We all know about our personal space, our comfort zones, our time management. We are not as aware of the effect of losing control of those borders or how encroachment steals our sense of self and its effect on our potential.
Our physical borders go beyond our personal space. When we are on a crowded streetcar, we worry less about space than when we are at a social gathering. On public transport, we are most often surrounded by strangers and in temporary discomfort about real concerns for our personal possessions and our toes.
At a social gathering, we, though still a temporary situation, may know many of those gathered together. We may have shared experiences with some, pleasant or unpleasant, and the discomfort this engenders can be triggered by emotions associated with that experience.
In addition, social gatherings garner some unwarranted camaraderie—glad-handing, shoulder-slapping, bear-hugging—from others we may not even know. Worse than that, for some of us, it’s isolation. Though we welcome anonymity on the bus, being ignored in a social get-together is painful on many levels.
To compensate, we may use the physical crutch of substances to lower our inhibitions and join the glad-handers and bear-huggers when we’d be better off helping out in the kitchen.
Time is finite for all of us but we still hear people say they have “time on their hands.” The biggest time-thief at our borders is probably ourselves, followed closely by family and friends. It’s too easy to say ‘yes’ to avoid the discomfort of saying ‘no’ to our nearest and dearest, despite the absolute necessity for our personal well-being. Protecting this border can make the difference in our career plans and professional success, yet we don’t value Time as an asset that we need to use effectively.
Writers are particularly prone to falling victim to the “time-suck” of others’ needs. If we don’t take our work seriously, it is even more difficult to say ‘no’ to the requests for help—from babysitting to helping with a move across town. Of course, keeping our relationships with real people is essential but putting our work aside for the wrong reasons: “I’m only writing after all” or “I’m not doing anything important right now” or “I’m not on deadline” don’t get our books written.
We all extol the virtual necessity of social media. But, who among us hasn’t succumbed to the salacious seduction of just one more post, one more tweet, one more connection for our network that lead to losing more time than we ever meant to give up? Who hasn’t pondered whether to join that best-selling author while she plays the latest game—after all if she has time …
Physical and temporal borders aside, let’s face the biggest destroyer: Emotion. The emotional blackmailers, the emotional vampires, the psychic demons, the manipulators. The people in our lives who will not leave us alone even though they are nowhere near us. They live in our heads, pushing all our creativity and good intentions to the side while they sit like vultures in the bare branches overlooking our work.
They’re the work colleagues we allow to mess with our heads about our productivity. They are the friends whose lives are miserable. And misery loves company. They are the jealous sibling who wraps us up in need and punishes us for caring.
Sometimes, we can’t get rid of them and feel guilty that we even want to.
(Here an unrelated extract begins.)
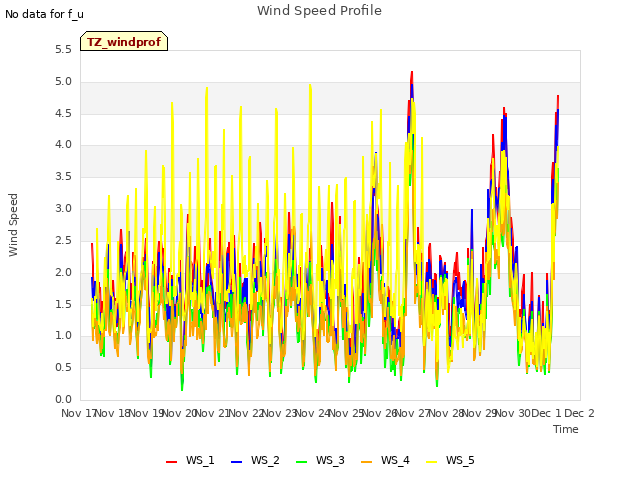 plot of Wind Speed Profile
Too often, in an effort to handle the situation, we spend more time talking about them, thinking about them, analyzing ourselves and our relationship to them than we do enjoying all the fruits of our labors and the wonders of our own lives.
Eventually, letting our borders gape open, sends us in a downward spiral. At some point, we have to regroup and make the ascent all over again. Why not set our boundaries and keep to them in the first place? There are ways of doing this without damage to anyone, including ourselves. Just think, the person on the other end might be wanting the same, but doesn’t know how to say ‘no’. We could be doing them a favor.